What the task requires: Below are the records. Reproduce exactly the lines from the one containing "Residents recover a" through the final line, and omit any pictures.

Data excerpts:
+ + + + +

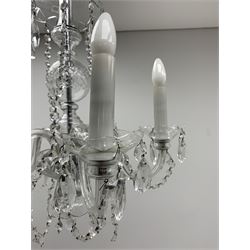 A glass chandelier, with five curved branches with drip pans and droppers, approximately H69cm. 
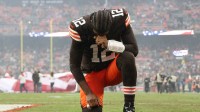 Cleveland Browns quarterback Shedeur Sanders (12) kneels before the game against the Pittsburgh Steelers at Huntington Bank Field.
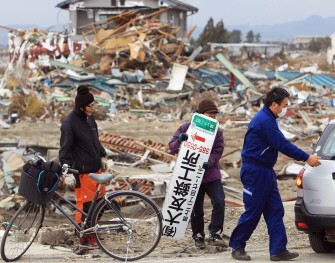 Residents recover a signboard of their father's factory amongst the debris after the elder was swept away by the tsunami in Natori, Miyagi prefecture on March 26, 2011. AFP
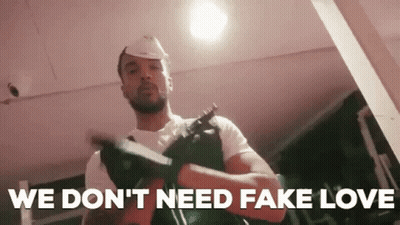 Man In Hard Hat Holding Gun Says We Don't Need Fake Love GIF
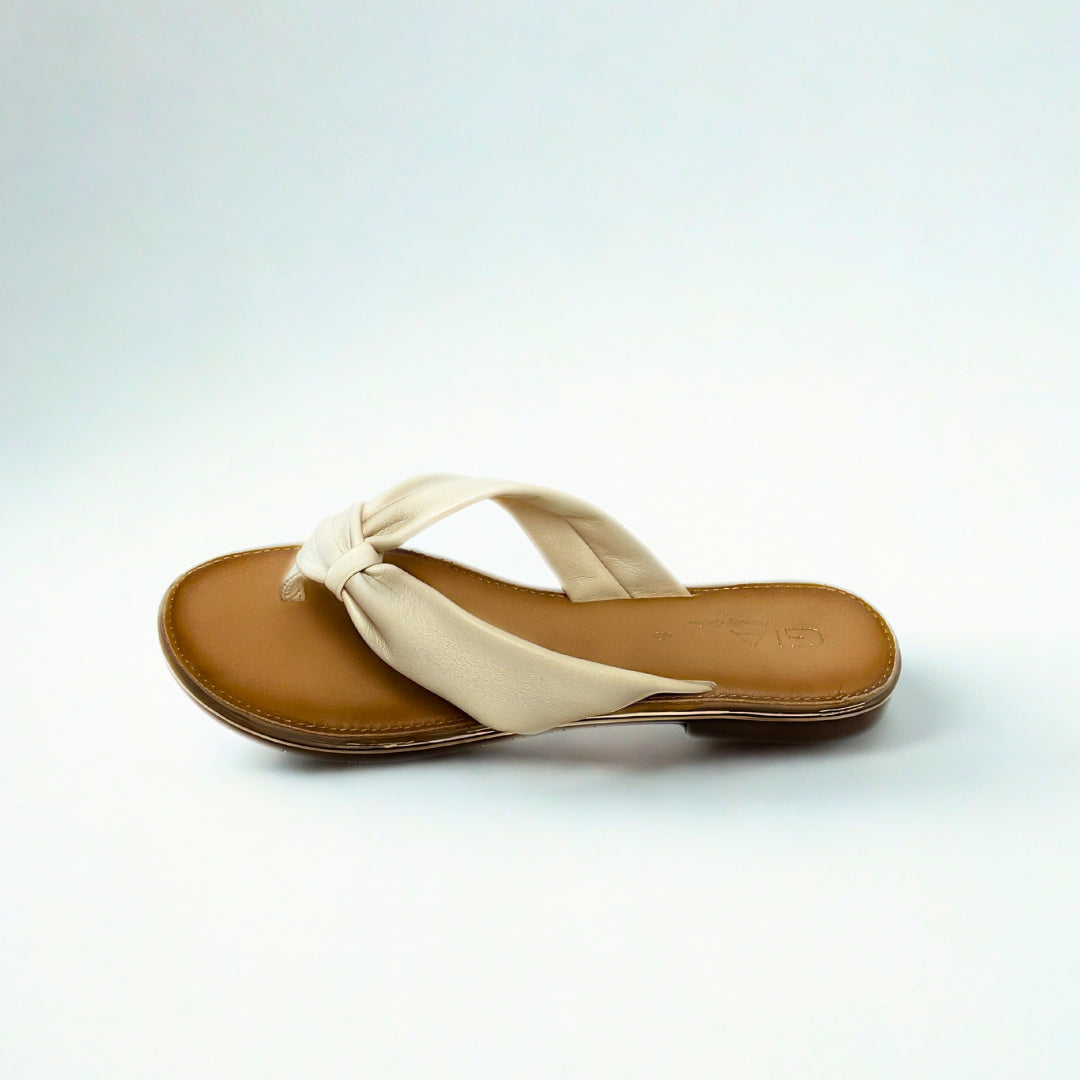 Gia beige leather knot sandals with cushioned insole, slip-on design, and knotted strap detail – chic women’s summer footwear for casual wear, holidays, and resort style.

+ + + + +

Answer section:
 Residents recover a signboard of their father's factory amongst the debris after the elder was swept away by the tsunami in Natori, Miyagi prefecture on March 26, 2011. AFP
 Man In Hard Hat Holding Gun Says We Don't Need Fake Love GIF
 Gia beige leather knot sandals with cushioned insole, slip-on design, and knotted strap detail – chic women’s summer footwear for casual wear, holidays, and resort style.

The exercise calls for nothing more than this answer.